We've settled back into the routine of the school year and the after-school activities schedule. Tom and I sat down the first week of school to take a good hard look at our budget (not recommended as a mood enhancer unless you are Bill Gates). After listing all of our normal monthly expenditures, our exorbitantly expensive health insurance (the joys of self-employment), and the fees for the girls' extracurricular activities, we totaled the whole mess up and compared it to Tom's monthly net salary. We squinted at the numbers, re-totaled, and discussed.

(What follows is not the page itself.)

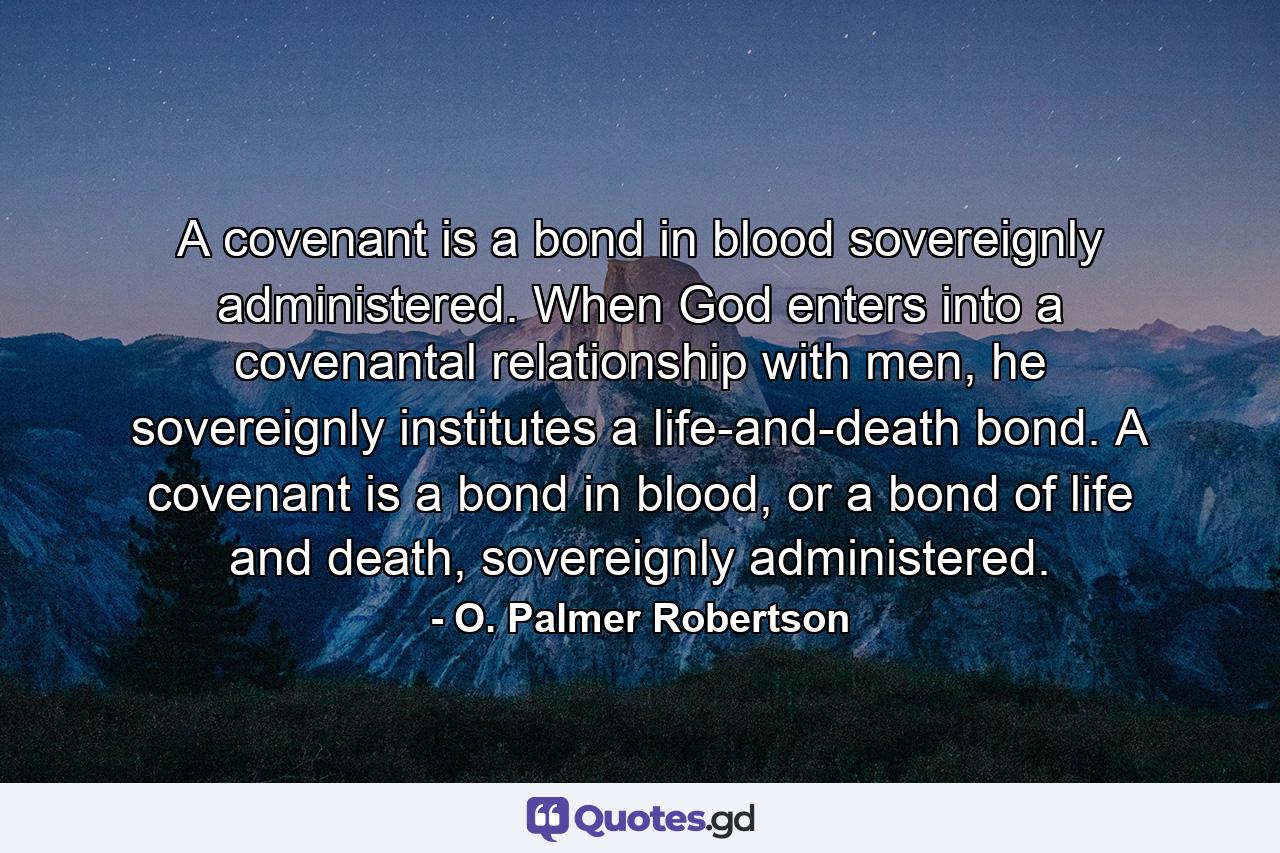 A covenant is a bond in blood sovereignly administered. When God enters into a covenantal relationship with men, he sovereignly institutes a life-and-death bond. A covenant is a bond in blood, or a bond of life and death, sovereignly administered. - Quote by O. Palmer Robertson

Bottom line: after fourteen years of being out of the classroom, I'm heading back - this time as a substitute teacher. It's something I said I'd never do. Funny how that always comes back to bite you in the ass, isn't it?

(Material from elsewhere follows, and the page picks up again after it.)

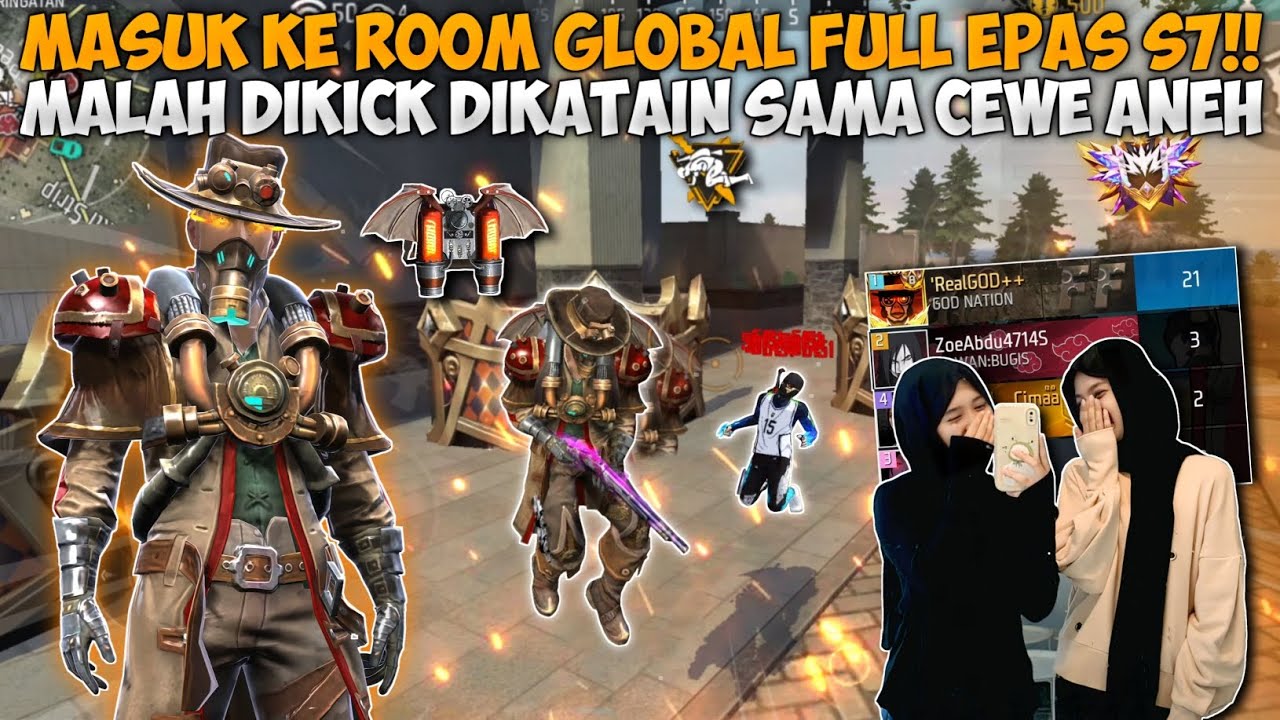 MASUK ROOM GLOBAL PAKE FULL ELITE PASS S7!! GUA MALAH DIKICK DIKATAIN SAMA CEWEK ANEH!!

"I'd never want to be a sub! What a terrible job!" I've been known to say airily. And it is terrible (the pay is laughable - transients probably make more money washing windshields at intersections for one hour than a sub does in a day). But it also dovetails with my kids' schooldays, it brings in more money than I'm currently earning (which would be $0 per year), I have the luxury of not subbing if my kids are sick, and it puts me back in the classroom with kids. Even though I came to the decision by necessity, I find that I'm really looking forward to it. Teenagers may be moody, hormonal, and prone to questioning authority, but I've missed the little buggers.

Also! I got to go clothes shopping. I assume that they don't want subs in yoga pants and hoodies, which has been my uniform since 1996. I also have a festive array of baseball caps and flip-flops, which I switch out for sneakers in the cold seasons. I picked up some dress pants, skirts, blouses, and cardigans. Tom, of course, grumps about how many subbing days I've already "spent" with my wardrobe enhancement, but he is a big fan of the pencil skirts and high heels.

Can you imagine the blog fodder this could generate? It's a win-win all around.